Tel est aussi ce « pouvoir » qu’a le Christ « au ciel et sur la terre
».
L’homme d’aujourd’hui a beaucoup augmenté son pouvoir sur la terre, il
pense même à son expansion au-delà de notre planète.
On peut dire en même temps que le pouvoir de l’homme sur l’autre homme
devient toujours plus lourd. En abandonnant l’alliance avec la sagesse
éternelle, il sait de moins en moins se gouverner lui-même, il ne sait pas non
plus gouverner les autres. Combien pressante est devenue la question des droits
fondamentaux de l’homme!
Quel visage
menaçant révèlent le totalitarisme et l’impérialisme, dans lesquels l’homme
cesse d’être le sujet, ce qui équivaut à dire qu’il cesse de compter comme
homme. Il compte seulement comme une unité et un objet!
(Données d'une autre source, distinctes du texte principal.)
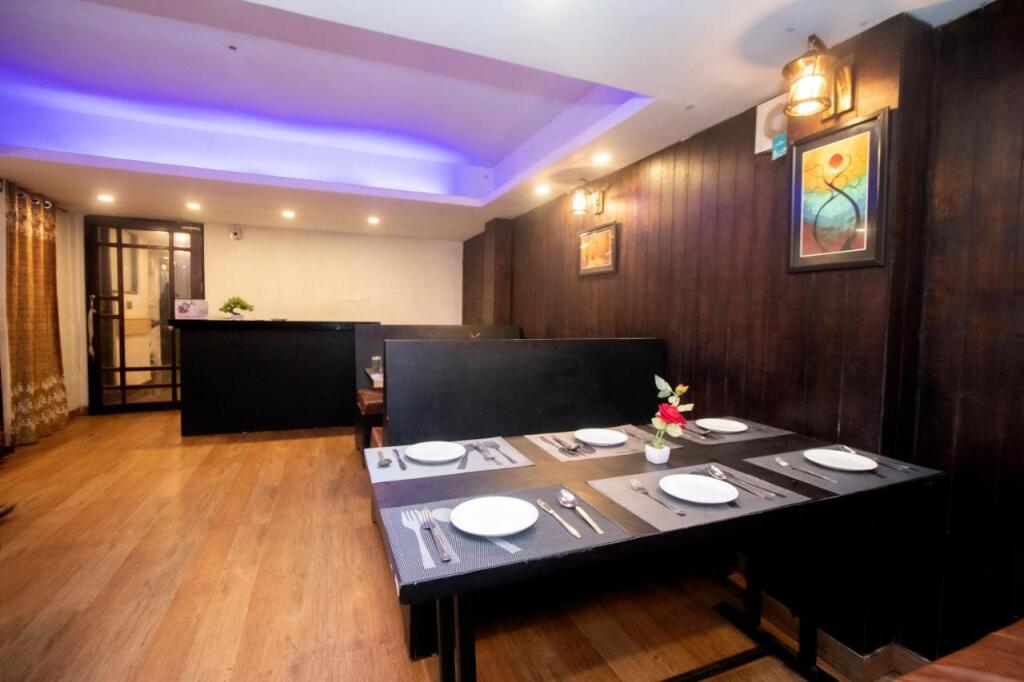 Дарджилинг: Cherrywood Suites and Spa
Ecoutons encore une fois ce que dit le Christ par ces mots: « Tout
pouvoir m’a été donné au ciel et sur la terre », et méditons toute la vérité de
ces paroles.
8. Le Christ, à la fin, dit encore ceci: « Je suis avec vous tous les
jours, jusqu’à la fin du monde »; cela signifie donc aussi: aujourd’hui, en
1980, pour toute époque.
Le problème
de l’absence du Christ n’existe pas. Le problème de son éloignement de
l’histoire de l’homme n’existe pas. Le silence de Dieu à l’égard des
inquiétudes du cœur et du sort de l’homme n’existe pas.
Il n’y a
qu’un seul problème qui existe toujours et partout: le problème de notre
présence auprès du Christ. De notre permanence dans le Christ. De notre
intimité avec la vérité authentique de ses paroles et avec la puissance de son
amour. Il n’existe qu’un problème, celui
de notre fidélité à l’alliance avec la sagesse éternelle, qui est source d’une
vrai culture, c’est-à-dire de la croissance de l’homme, et celui de la
fidélité aux promesses de notre baptême au nom du Père, et du Fils, et du
Saint-Esprit!
Alors permettez-moi, pour conclure, de vous interroger: France, Fille
aînée de l’Eglise, es-tu fidèle aux promesses de ton baptême?
Permettez-moi de vous demander: France, Fille de l’Eglise et éducatrice des
peuples, es-tu fidèle, pour le bien de l’homme, à l’alliance avec la sagesse
éternelle?
Pardonnez-moi cette question. Je l’ai posée comme le fait le ministre
au moment du baptême. Je l’ai posée par sollicitude pour l’Eglise dont je suis
le premier prêtre et le premier serviteur, et par amour pour l’homme dont la
grandeur définitive est en Dieu, Père Fils et Saint-Esprit.